⟨

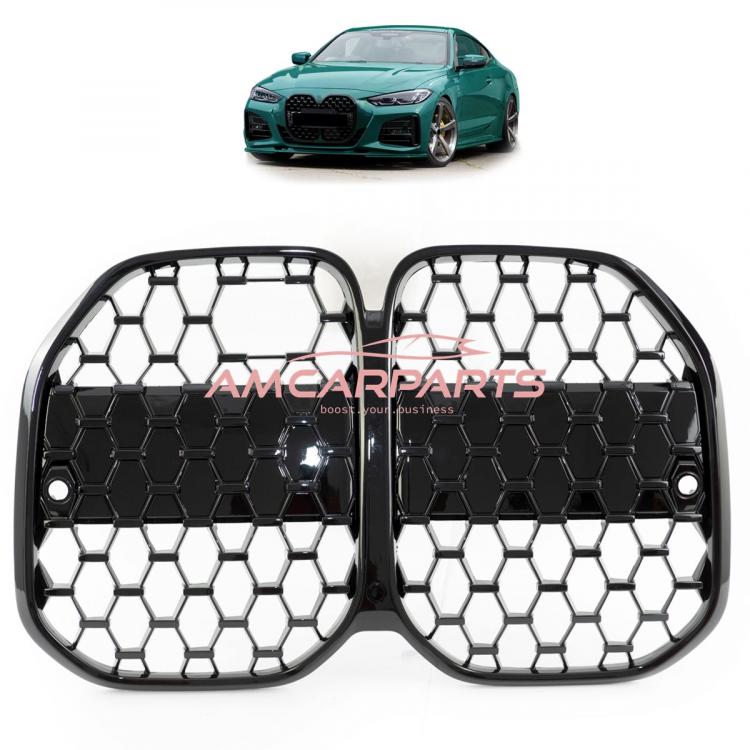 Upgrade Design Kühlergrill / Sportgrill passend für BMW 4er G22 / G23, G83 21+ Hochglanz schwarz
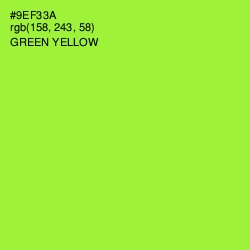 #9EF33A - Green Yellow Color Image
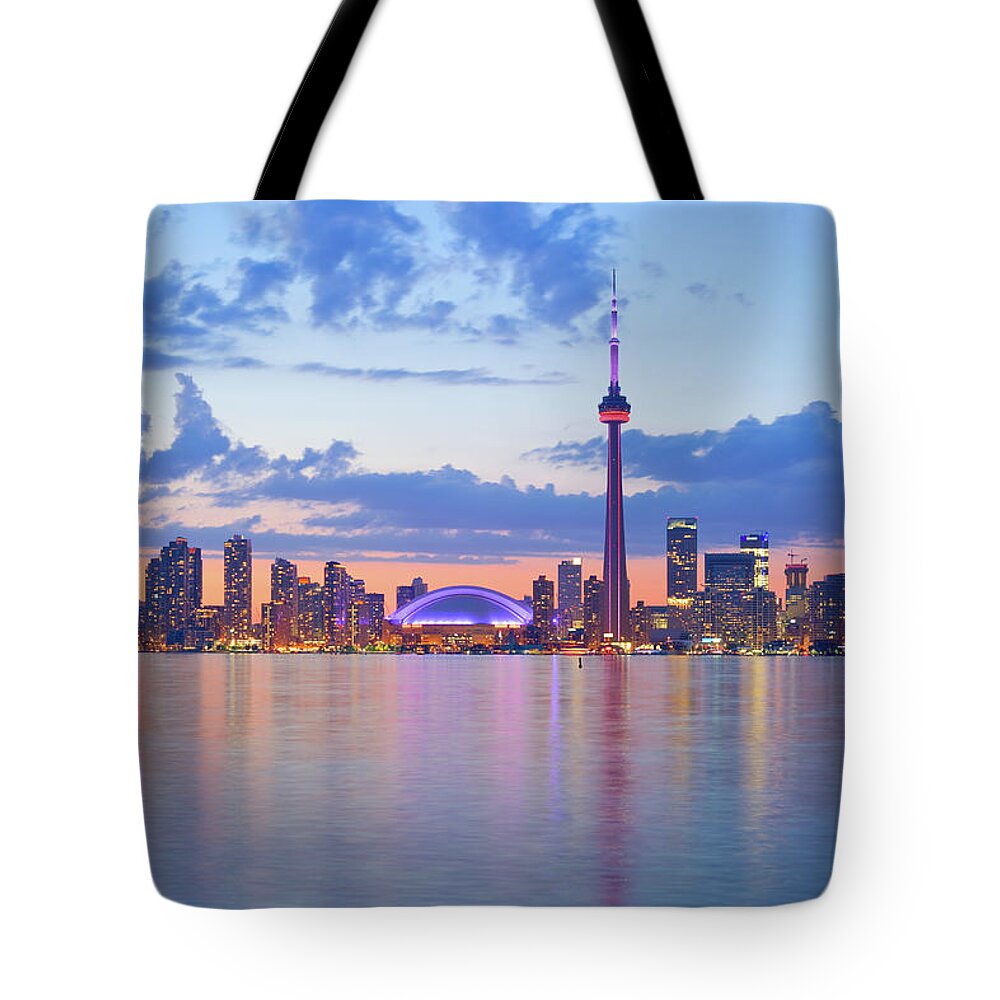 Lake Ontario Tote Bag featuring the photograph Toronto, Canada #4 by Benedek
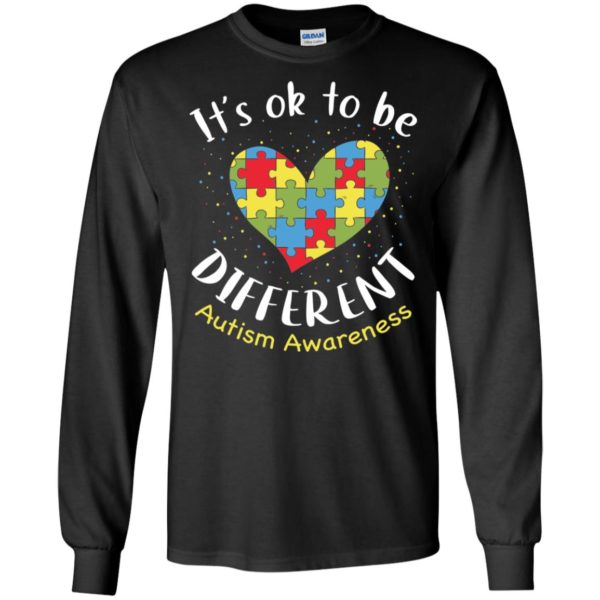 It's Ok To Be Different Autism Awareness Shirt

⟩

→ Goal of the exercise: Retype, word for word, only the line holding "#9EF33A - Green Yellow Color Image" and the lines after it through the final line of the listing above, and leave every picture out.

→ Exercise response:
 #9EF33A - Green Yellow Color Image
 Lake Ontario Tote Bag featuring the photograph Toronto, Canada #4 by Benedek
 It's Ok To Be Different Autism Awareness Shirt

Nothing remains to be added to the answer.